Work to complete
The line containing "Then you will" marks the end; return exactly every line from the start of the records up to and including it, but no pictures.

=====

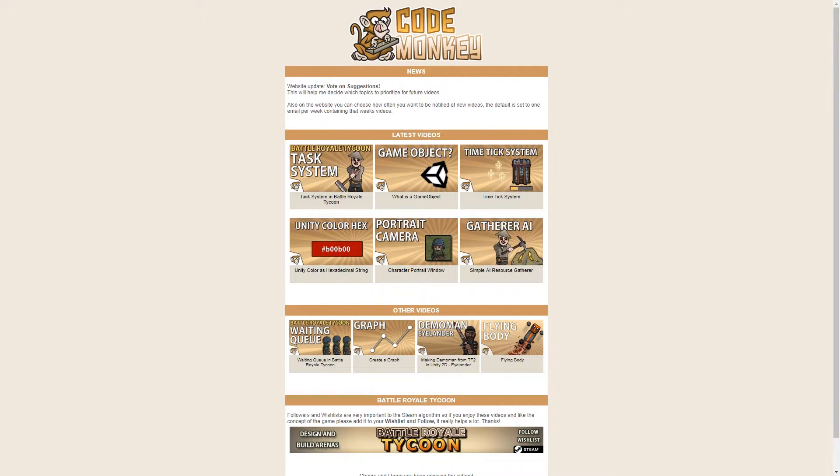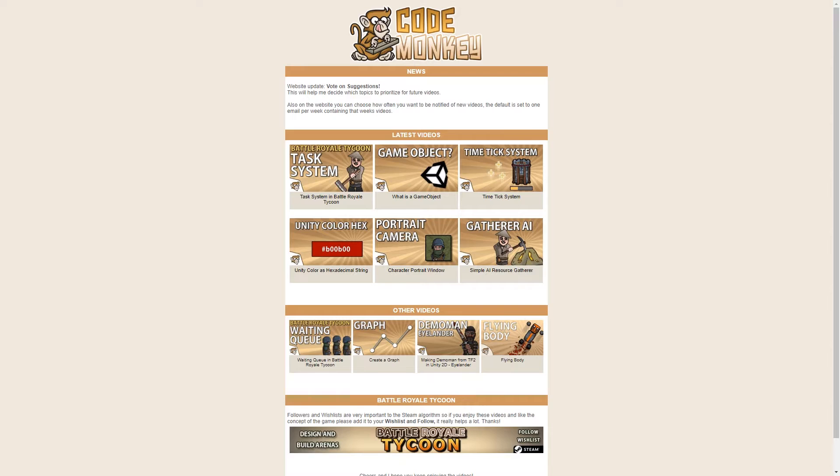I've also started sending out a newsletter highlighting recent videos. If you are signed up you should have received the email. It's a simple email and you can go to your user area to select how often you wish to receive it. The default is one email per week containing that week's videos. So if you're worried about YouTube not notifying you when new videos go live, this is a way to catch up and see what you might have missed.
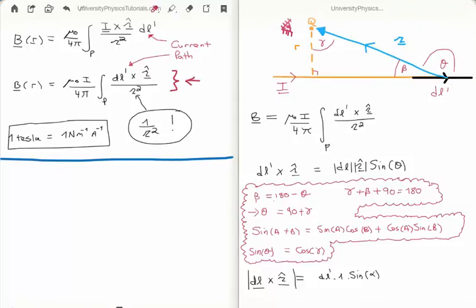Now, it won't take much to convince you that the current and the dl prime vector will point in the same direction. For this reason we can take the current out of the integral and instead compute the cross product of the infinitesimal line segment and the separation unit vector. That equation falls off at 1 over r squared — similar to Coulomb's law and the gravitational law. The unit of the magnetic field is the Tesla, named in honor of Nikola Tesla, and 1 Tesla equals 1 newton per meter per amp.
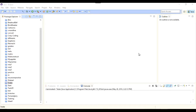Hi everybody, this is Umair. I am back with the second part of this tutorial series of developing Snake Game in Java. In the previous part we just introduced our game and what we are going to do. In this part we will implement the user interface for our game.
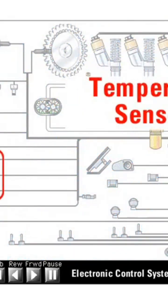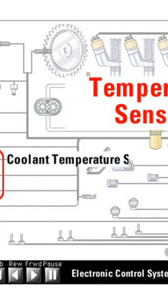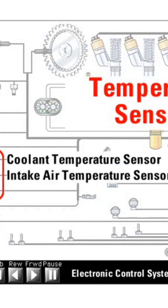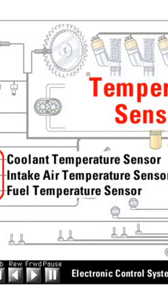The important temperature sensors on the engine are the coolant temperature sensor, the intake air temperature sensor, and the fuel temperature sensor.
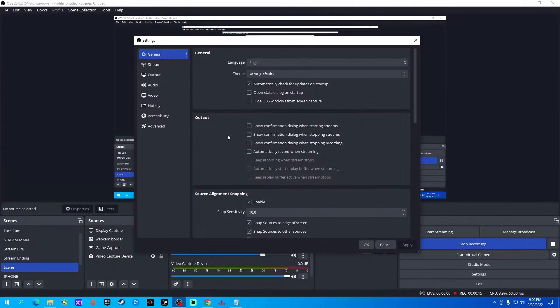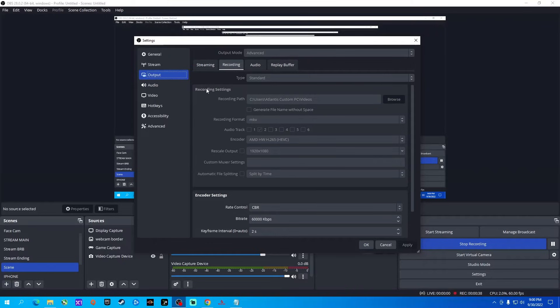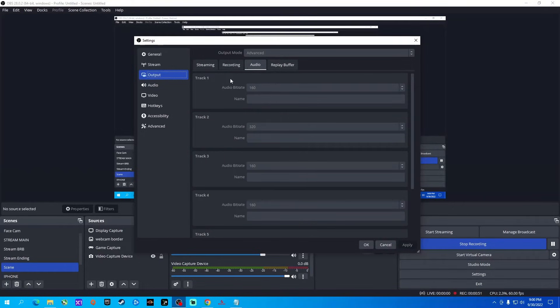Now let's get into audio. You can actually crank up your audio compared to streaming audio when you're recording. Go into Settings, Output, then Audio. Track 1 is what I'm using for streaming, which maxes out at 160kbps. You can max out at 320kbps when recording. Go down to Track 2 for recording and put in 320. Back in your recording settings, make sure you're set to Track 2, so you're using your higher audio quality. In streaming, you can see it's set to Track 1.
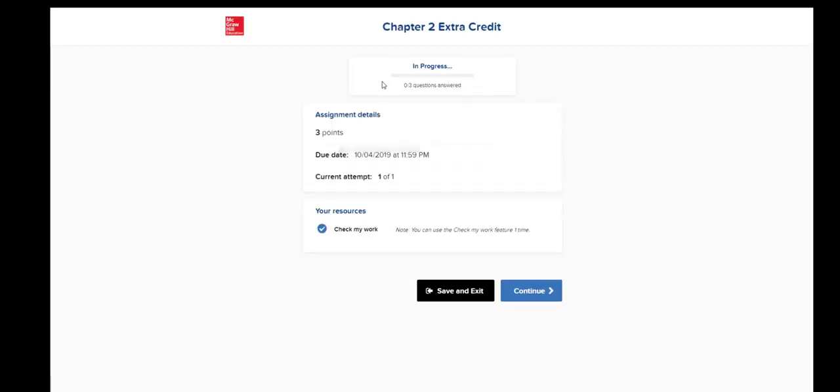Then you will see the name of the assignment at Connect. Click Continue.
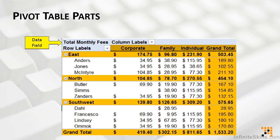A data field is a field from the source data that contains values to be summarized. In this case, it's total monthly fees. So it's taking the monthly fees field and adding a sum function for it. For most source data, we can choose how to summarize the data. The default will be to count if the field contains text values, or to sum or total if it's a numeric field. Here, it's totaling the monthly fees.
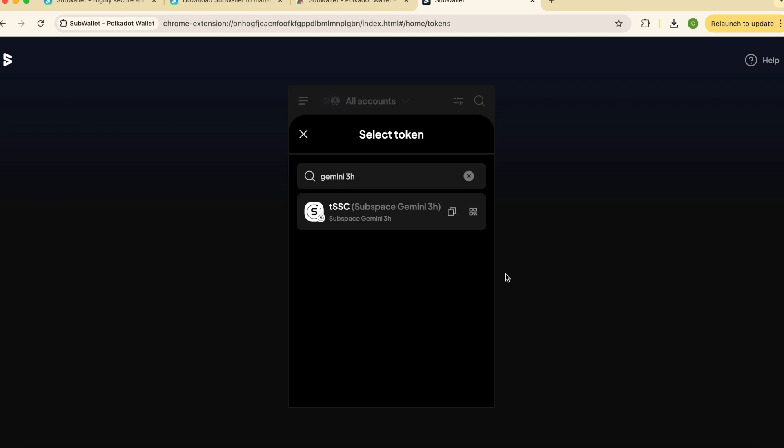That's it for the wallet setup. In the second part of the video, we'll guide you through the Space Acres installation process. This will allow you to join the autonomous network and start farming.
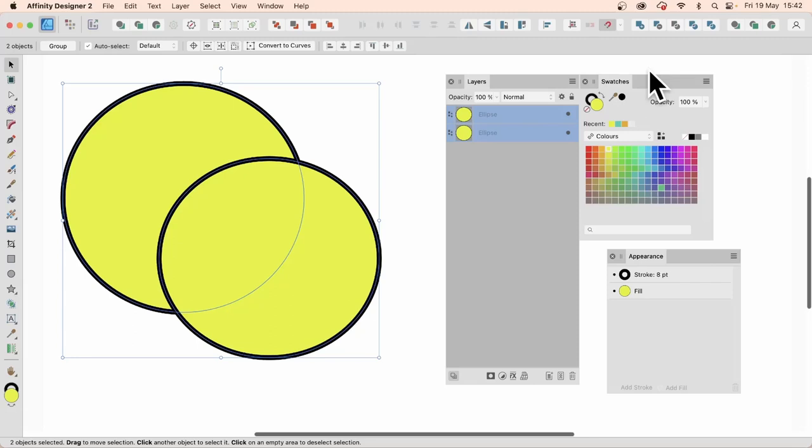Affinity Designer version 2.1 has a new tool, the Vector Flood Fill Tool. What you need to do is press the R on the keyboard to access it. Works best if you've got shapes that are overlapping. They need to be selected, that's the key thing.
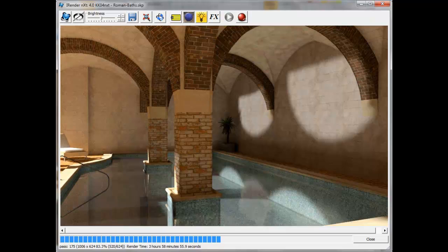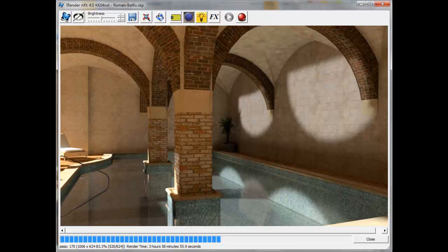The water is reflective, but it looks like glass. To make the water look more realistic, I'm going to add a bump map to it using the iRenderNext material dialog.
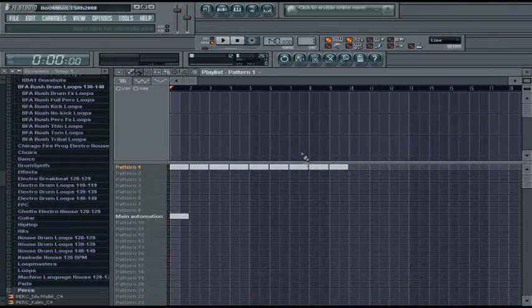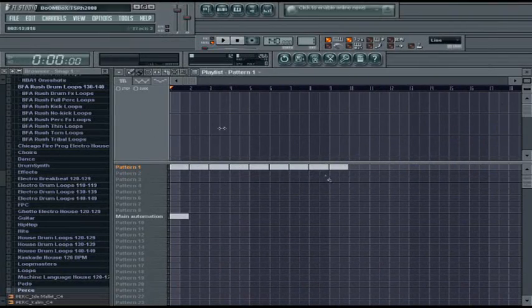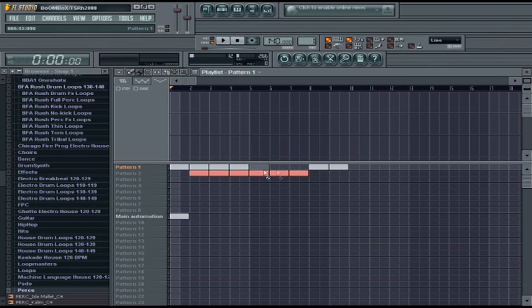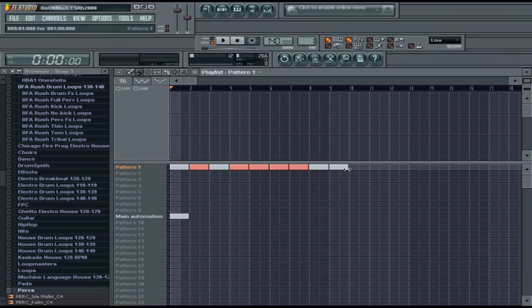How to render a song in FL Studio. Rendering a song just means to take your playlist, whatever you've done in your playlist, and save it as an mp3, WAV, OGG, or MIDI file.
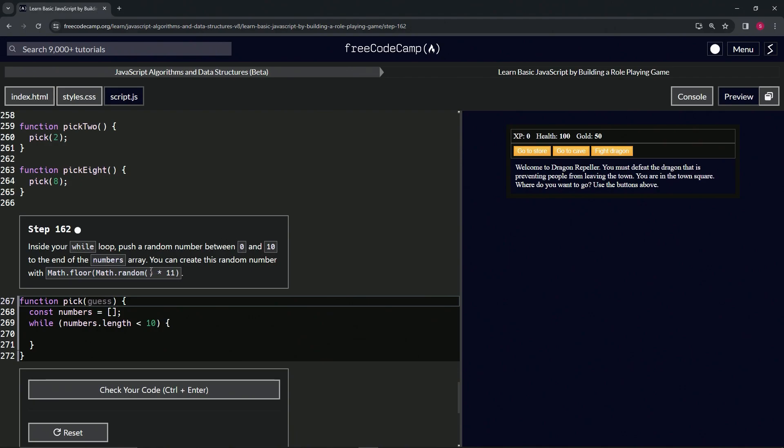So if Math.random came out with like 0.01, it would end up being 0.11, which when we round it down would give us 0. And also if Math.random gives us like 0.99999 or something like that, it'll give us 10 point whatever, and then when we round it down with the Math.floor, it'll give us 10.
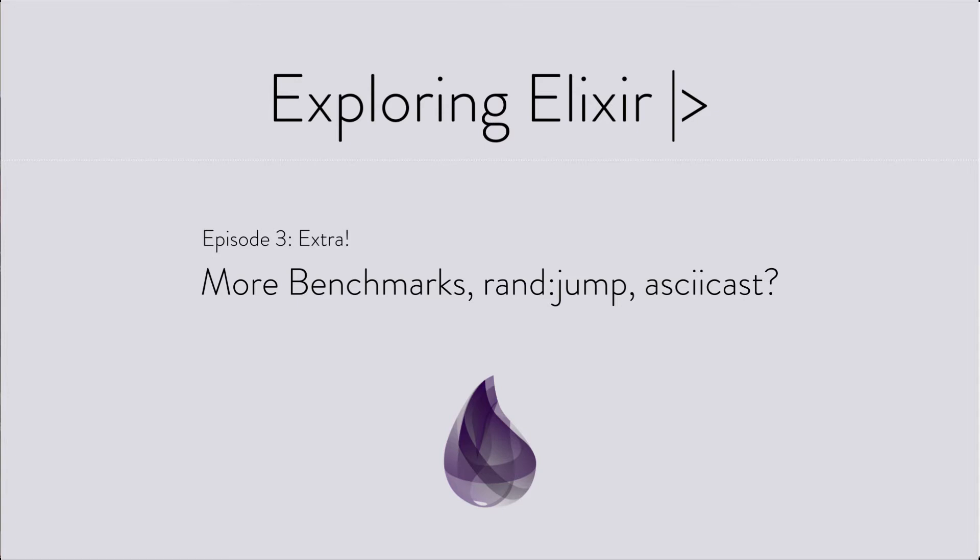In Episode 2, we looked at a number of benchmarks on Elixir 1.5 with OTP20 on matching maps and ETS tables.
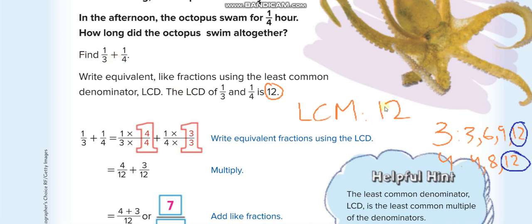Now you have to change your denominators according to the LCM — change them into 12. For 1/3: 3 times what gives you 12? 3 times 4. So we multiply the whole fraction by 4. Remember: whatever we multiply in the denominator, we must multiply the same number in the numerator. So 1/3 times 4 gives 4/12. For 1/4: 4 times what gives 12? 4 times 3. So we multiply the whole fraction by 3: 1 times 3 is 3, and 4 times 3 is 12. Now the denominators are the same.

=====

Exercise solution
I've also started sending out a newsletter highlighting recent videos. If you are signed up you should have received the email. It's a simple email and you can go to your user area to select how often you wish to receive it. The default is one email per week containing that week's videos. So if you're worried about YouTube not notifying you when new videos go live, this is a way to catch up and see what you might have missed.
Now, it won't take much to convince you that the current and the dl prime vector will point in the same direction. For this reason we can take the current out of the integral and instead compute the cross product of the infinitesimal line segment and the separation unit vector. That equation falls off at 1 over r squared — similar to Coulomb's law and the gravitational law. The unit of the magnetic field is the Tesla, named in honor of Nikola Tesla, and 1 Tesla equals 1 newton per meter per amp.
Hi everybody, this is Umair. I am back with the second part of this tutorial series of developing Snake Game in Java. In the previous part we just introduced our game and what we are going to do. In this part we will implement the user interface for our game.
The important temperature sensors on the engine are the coolant temperature sensor, the intake air temperature sensor, and the fuel temperature sensor.
Now let's get into audio. You can actually crank up your audio compared to streaming audio when you're recording. Go into Settings, Output, then Audio. Track 1 is what I'm using for streaming, which maxes out at 160kbps. You can max out at 320kbps when recording. Go down to Track 2 for recording and put in 320. Back in your recording settings, make sure you're set to Track 2, so you're using your higher audio quality. In streaming, you can see it's set to Track 1.
Then you will see the name of the assignment at Connect. Click Continue.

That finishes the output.